This week my intention was to touch on "front to back situation," as in "what is the relationship between the front and the back of my body, and more specifically, between the muscles at the front and the back of my hip joint?"
Turns out many of you had many questions about the mechanics of breath - so we've spent the majority of our check-in time chatting about that. I hope that conversation cleared up some of the confusion, but if not, you can review last week's material {Breath. Pressure. Stability}
right here.
Nonetheless, let's stay the course and discuss what we ought to - relationship between the muscles at the front and the back of the hip joint.
Let's start with a review what we have covered thus far:
~ we need active stabilization in every step of the walk – when we transfer weight from one foot to the other
~ gluts are the primary hip stabilizers; if they are sleepy / inhibited (as in when we spend a lot of time sitting on them!) – we will most likely overuse other hip / leg / abdominal muscles for stability, thus compromising hip and knee health and alignment.
~ healthy+vibrant gluts support correct pelvic alignment and
appropriate length of the pelvic floor muscles, especially at the back of the pelvic floor.

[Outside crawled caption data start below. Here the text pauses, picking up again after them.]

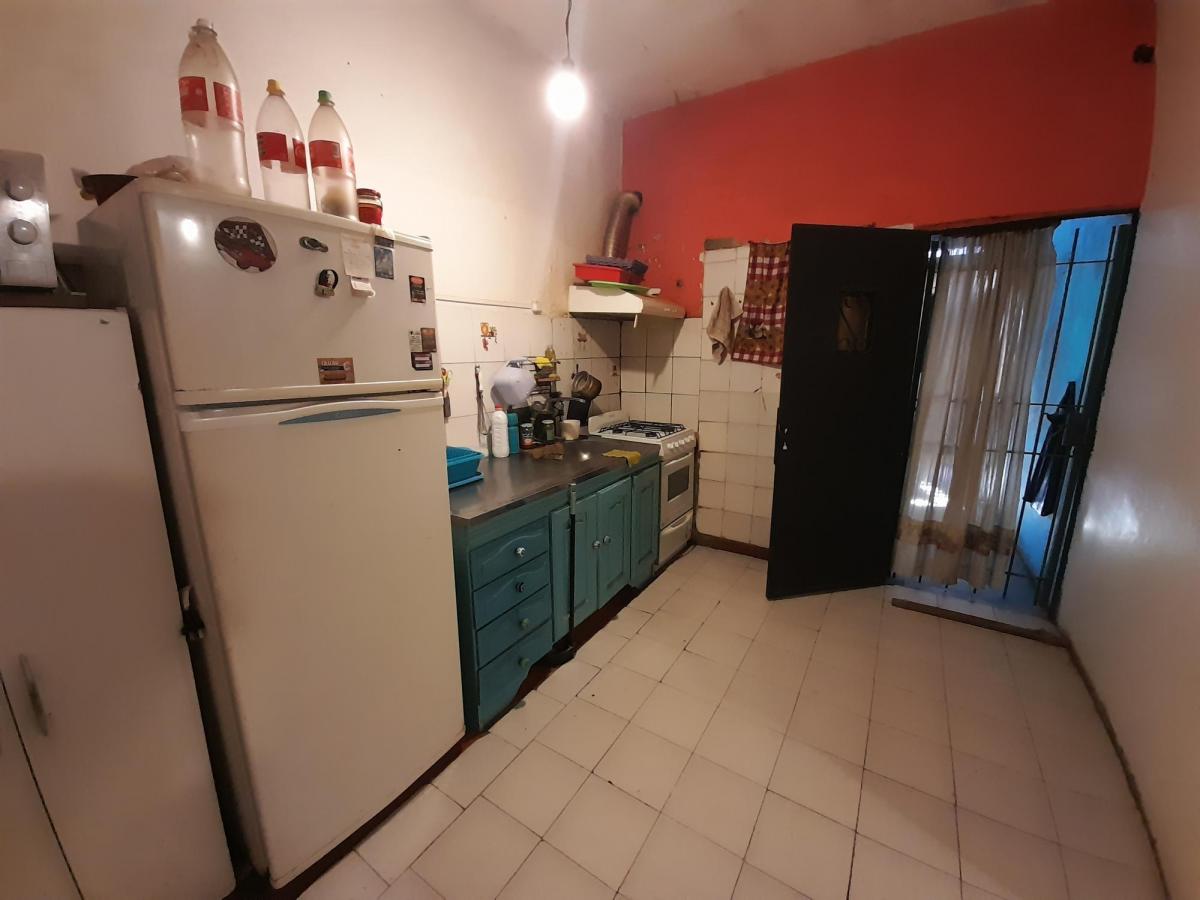 CASA AMERICANA Y DEPARTAMENTO EN VENTA. ITUZAINGO NORTE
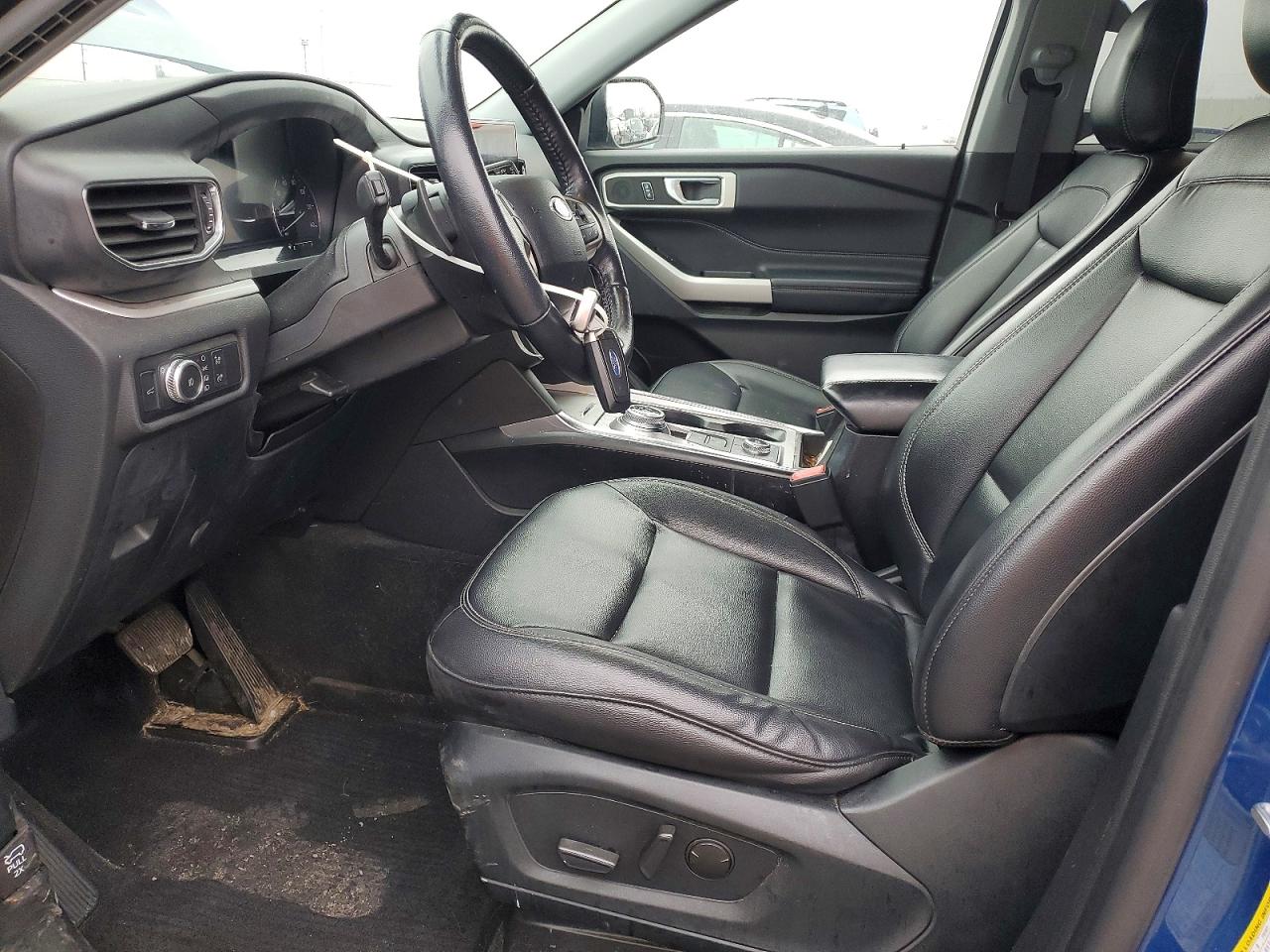 2020 FORD EXPLORER XLT photo 7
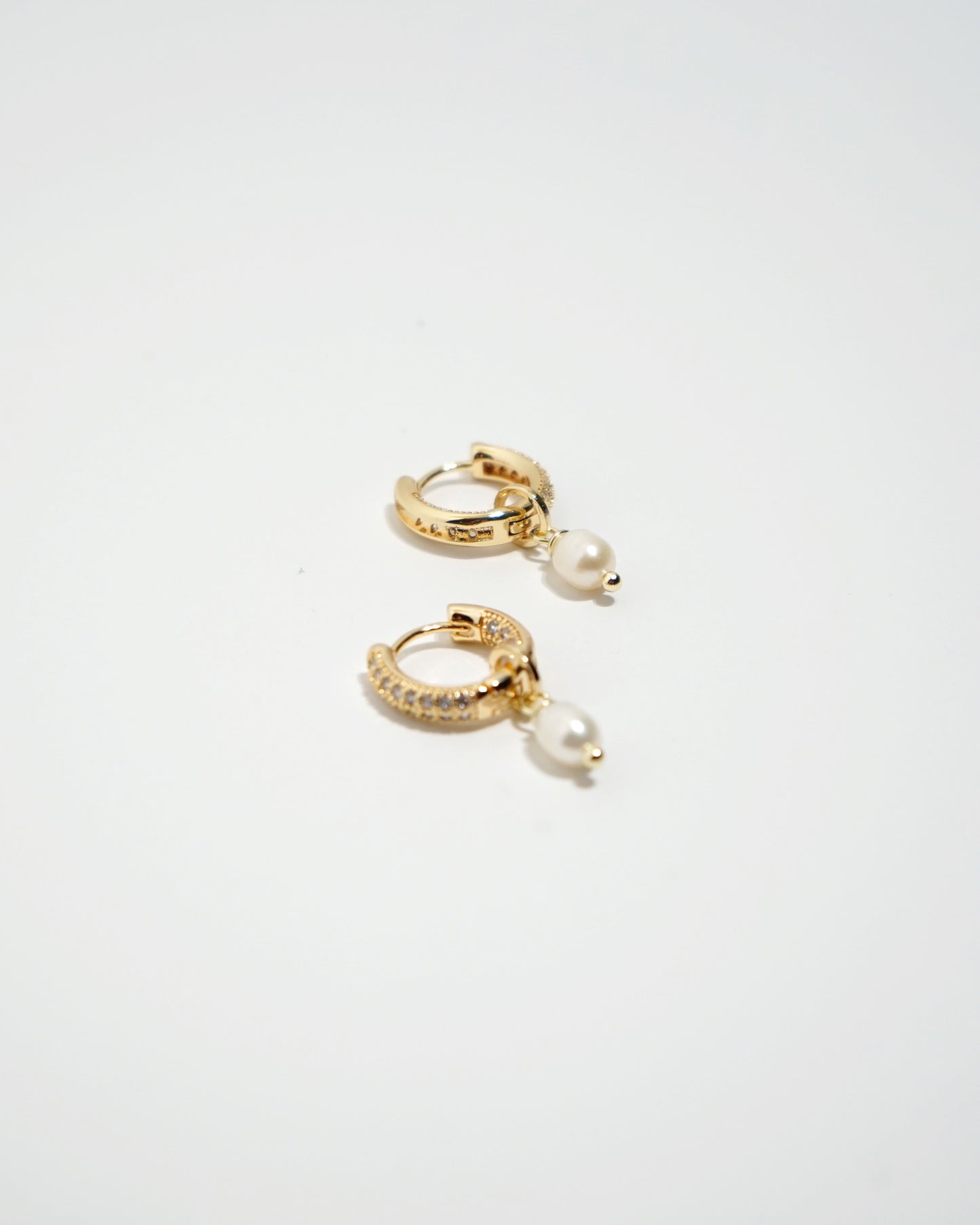 Shinny Small Hoop Earrings with Rice Pearl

Tight gluts can and often will contribute to tight back of the pelvic floor (vice versa is also true!).
~ in order for us to stabilize well, we need to know how to engage and also release / relax the glut. We spend a fair bit of time talking about hip flexion and mastering glut release in hip flexion; moving
forward we need to focus on finding + activating the gluts (that's where the Clam Shell and the Mean Green Band you've yet to meet next week come in handy).
~ when the gluts aren't doing their job someone else has to - one common strategy is to grip abdominal muscles or hold the breath to execute the movement. Another is to find readily available helpers - quads, inner thigh
muscles, and the hip flexor group are the usual suspects.
and most importantly
~ gluts work as a reciprocal pair to the hip flexor group: part of their job is to pry tight hip flexors open.
So when the gluts aren't active / strong / resilient:
Sleepy gluts can lead to tight hip flexors.
Tight hip
flexors can lead to no hip extension when walking.
No hip extension when walking can lead to unhealthy changes in gait (shortened gait, shuffling, hip swiveling or shimmying, upper body twisting to name just a few) that can potentially lead to hip, knee, and spine damage.
All of that shimmying, shuffling and twisting leads to sensation of imbalance + instability through the torso -
which we tend to correct by tightening any muscle we can find.